Ese es el caso de los aviones.
Ese lugar donde todos nos amontonamos en asientos donde apenas caben nuestros cuerpos y dónde además estamos rodeados de personas a una distancia mucho más corta de lo moralmente permitido. No podemos, repito, no podemos cometer semejante barbaridad como soltar gases.
Y el problema amigo lector, es que bajo la tela de la impunidad (pues además es difícil detectar el dueño del difunto) muchos viajeros con problemas intestinales andan repartiendo sus gracias a diestra y siniestra a sabiendas que no hay lugar a dónde huir.
Durante un vuelo de México a Guadalajara y había una señora a mi lado y no sólo me ha regaló su promedio diario sino mensual de flatulencias. Qué cosa señora! Déjeme decirle que su situación es grave. No sólo tiene usted el intestino podrido, muerto diría yo. Si no que además tiene usted un descaro digno de la política mexicana. Sin ningún asomo de pena volteaba su cuerpo para platicar con su compañero de asiento (asumo es su esposo y desde ya lo compadezco) apuntando su bazuca hacia mi persona obligándome a respirar sus profundos aires digestivos sin opción más que a darle el golpe.
Arcadas, coraje y desesperación sentía yo a cada momento. Ese vuelo de 60 minutos me pareció atravesar el atlántico con tan pobre calidad de aire. Dios la salvó de que el avión no tuviera en realidad como destino Narita porque ahí sí, yo mismo la llevo de la mano al baño y no la dejo salir hasta que haya vaciado su comida caduca.
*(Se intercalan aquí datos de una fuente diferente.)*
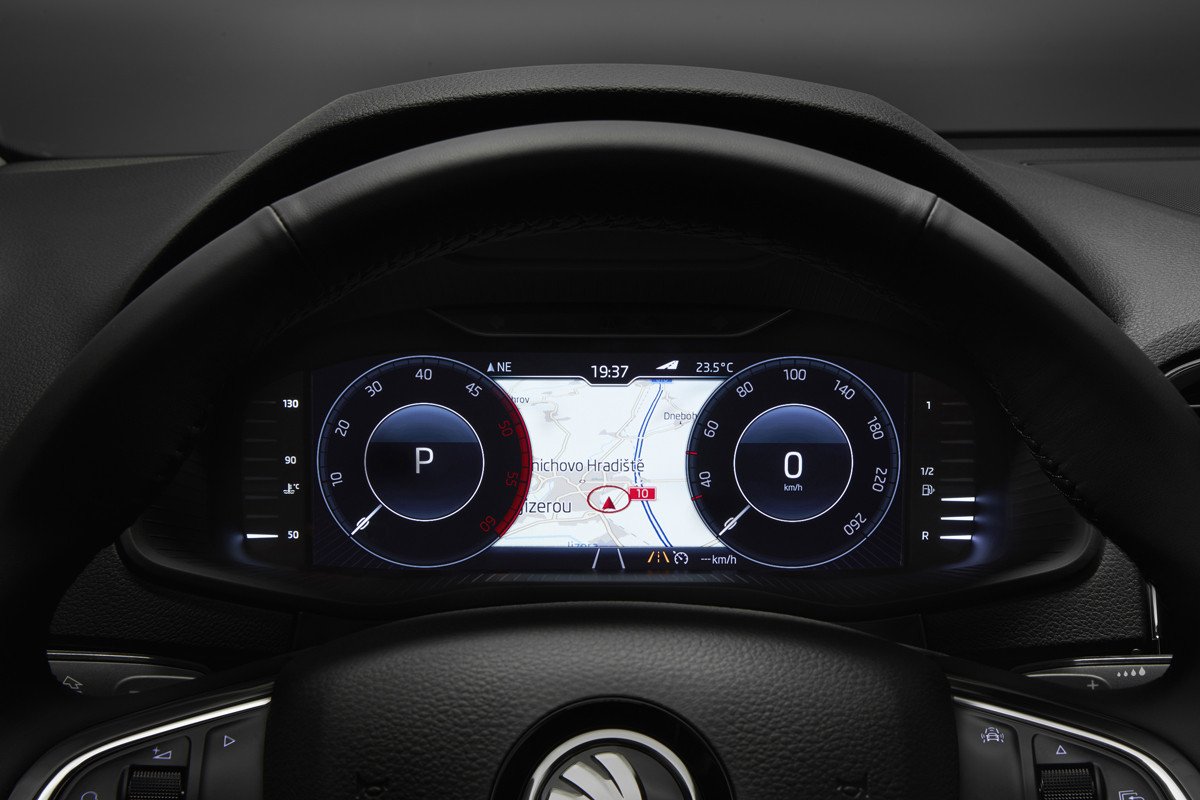 El Karoq será el primer Skoda con el panel de instrumentación digital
Y perdóname querido lector el tono escatológico de este artículo, pero alguien tiene que levantar la voz antes de que los aviones se conviertan en depósitos de caca en polvo. Alguien tiene que decirle a la gente que no está en la sala de su casa, y que si de por sí el circulo vital de entrada ya está invadido, contaminar de esa forma es más que una falta de respeto.